The east side of Dumbarton bridge is a wildlife preserve composed mainly of saltwater marsh that stinks to high heaven in the ripening May heat, and the northwest winds blew the reek in my face all afternoon and slowed my pace to about five miles per hour. My chain jumped off the front cog in the deadly marshes, and as I knelt in the mud to my work not even the passing ranger truck stop to make sure I was alright. Overall, I give the whole East Bay urban area from Milpitas to Fremont low marks in ridability and native friendliness.

I soon landed in Menlo Park, which lays at the west end of the bridge. The bike map had a dotted green line traced along roads called Bay, Pulgas, and Garcia, and usually indicated a scenic route, wide shoulder, or otherwise bike-friendly ride. The map’s “suggested route” took me out of squeaky clean and wholesome Menlo Park and deep into the heart of the famously shady East Palo Alto.
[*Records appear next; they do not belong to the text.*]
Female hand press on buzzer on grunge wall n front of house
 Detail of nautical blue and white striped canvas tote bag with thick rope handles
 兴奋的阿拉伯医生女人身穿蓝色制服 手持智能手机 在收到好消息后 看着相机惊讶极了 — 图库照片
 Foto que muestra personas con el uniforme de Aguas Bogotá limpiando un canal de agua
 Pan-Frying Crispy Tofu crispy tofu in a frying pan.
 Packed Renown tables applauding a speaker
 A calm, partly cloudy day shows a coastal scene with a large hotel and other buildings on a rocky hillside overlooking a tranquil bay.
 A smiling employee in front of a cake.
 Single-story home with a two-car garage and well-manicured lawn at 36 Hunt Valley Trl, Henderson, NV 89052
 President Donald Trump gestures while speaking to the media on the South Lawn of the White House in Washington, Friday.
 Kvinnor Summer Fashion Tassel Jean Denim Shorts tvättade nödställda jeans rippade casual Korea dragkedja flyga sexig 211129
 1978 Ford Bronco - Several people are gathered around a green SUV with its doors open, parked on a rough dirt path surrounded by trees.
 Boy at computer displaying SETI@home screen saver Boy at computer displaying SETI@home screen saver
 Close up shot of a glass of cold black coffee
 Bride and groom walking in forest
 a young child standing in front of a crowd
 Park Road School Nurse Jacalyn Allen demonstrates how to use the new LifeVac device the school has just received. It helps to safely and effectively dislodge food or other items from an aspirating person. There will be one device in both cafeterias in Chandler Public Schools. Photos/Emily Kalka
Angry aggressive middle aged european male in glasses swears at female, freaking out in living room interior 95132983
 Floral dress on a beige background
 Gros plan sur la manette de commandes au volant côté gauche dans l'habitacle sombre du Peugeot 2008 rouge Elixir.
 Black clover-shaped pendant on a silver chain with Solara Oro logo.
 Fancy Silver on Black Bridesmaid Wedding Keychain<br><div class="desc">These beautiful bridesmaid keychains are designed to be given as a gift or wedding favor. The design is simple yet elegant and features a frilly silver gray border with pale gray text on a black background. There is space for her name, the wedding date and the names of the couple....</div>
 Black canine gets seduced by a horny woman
When the well-maintained landscaping on University Avenue gave way to barred windows and gansters driving and leering out vintage street yachts, it dawned on me I was in the city “Dangerous Minds” was staged in.

I bought a polish dog from a statuesque black woman with two inch nails and asked about directions. While she drew a verbal map, punctuating waypoints with her ornate nails, a man appeared next to us and interrupted her.

“Where you headed?”

“South.” My answer was as deliberately vague as it was deliberately short.

“How far? I’ll ride with you as far as you go.” I noticed his bicycle.

At this moment the Amazonian hot dog vendor showed herself to be one who really knows how to control her space, for a deft word and gesture send the man walking his bike to an nearby corner store as though he never spoke to us at all.

It was almost ten o’clock and quite dark when I at last pedaled into the driveway. Unsurprisingly I was weary and my knees ached dully, but real pain bloomed under the seat of my pants when I kicked a leg over the bike and blood rushed to the area for the first time in hours, renewing lost covenants with the nerve endings in the welted flesh there.

I walked to work the next two days, and my butt ached at the sight of that saddle.